What to produce: Pictures in the data should be dropped; transcribe exactly the lines from the one that has "1802 Scarlett Drive Washington NJ 07840" through the one that has "Personalisiert Funny Sasquatch".

Information shown:
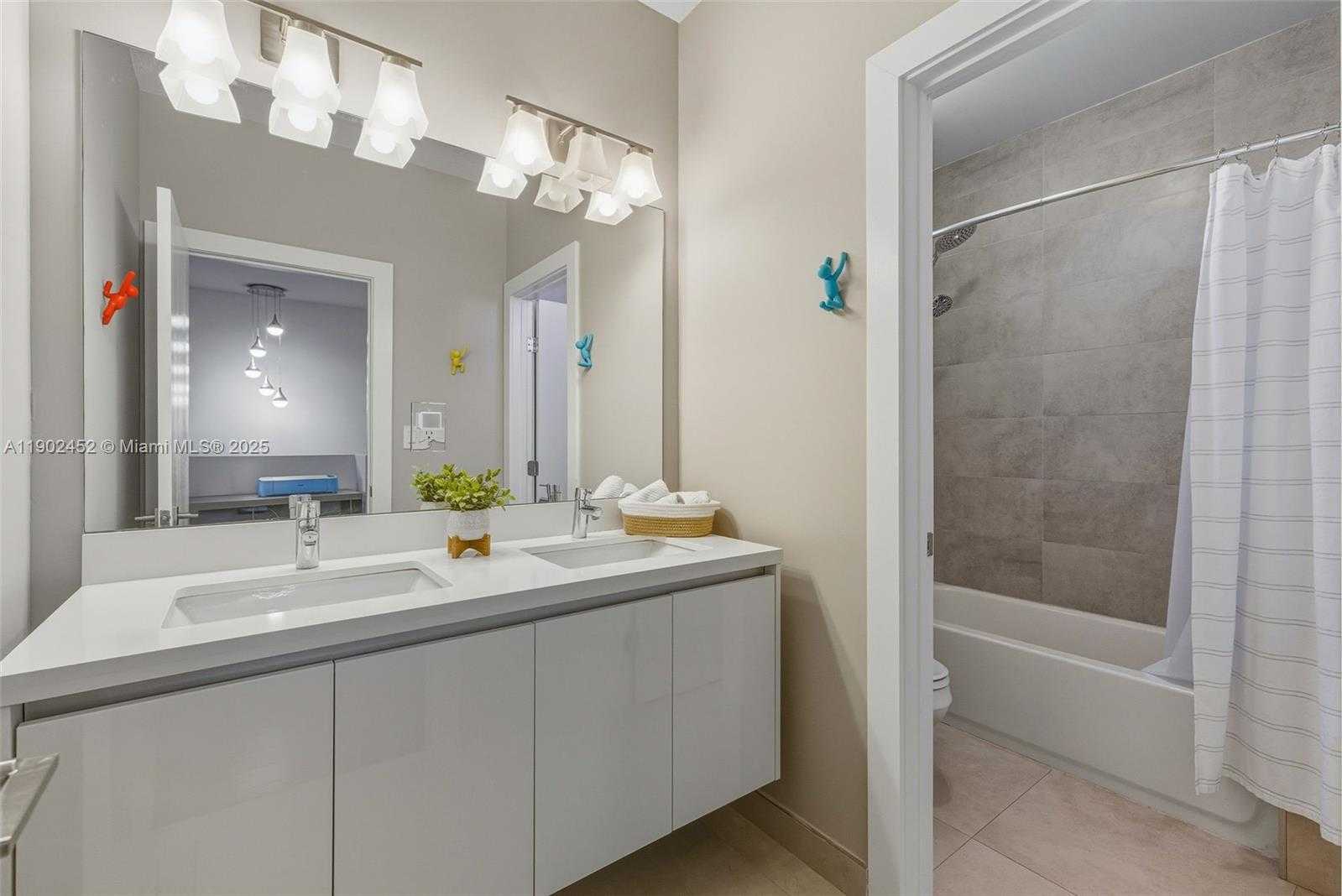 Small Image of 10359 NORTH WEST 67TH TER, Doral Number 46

==

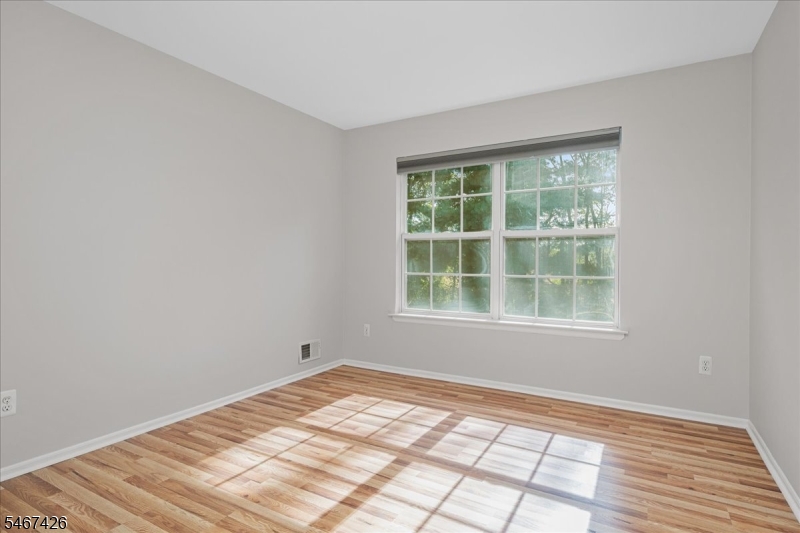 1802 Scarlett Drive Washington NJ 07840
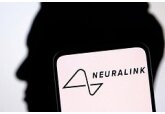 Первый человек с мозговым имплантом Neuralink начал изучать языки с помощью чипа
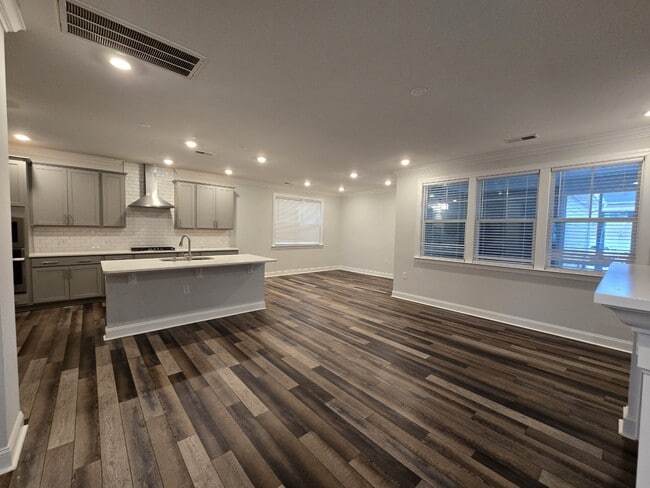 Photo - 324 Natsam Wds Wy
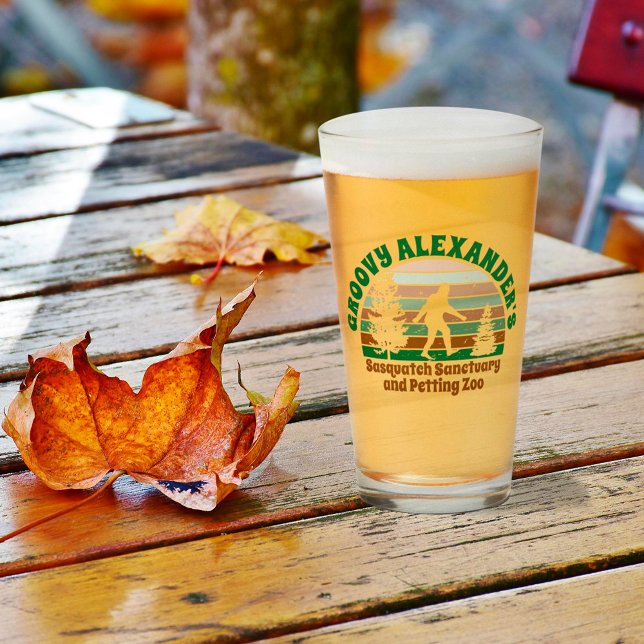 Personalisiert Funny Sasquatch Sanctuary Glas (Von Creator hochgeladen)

Output of the exercise:
 1802 Scarlett Drive Washington NJ 07840
 Первый человек с мозговым имплантом Neuralink начал изучать языки с помощью чипа
 Photo - 324 Natsam Wds Wy
 Personalisiert Funny Sasquatch Sanctuary Glas (Von Creator hochgeladen)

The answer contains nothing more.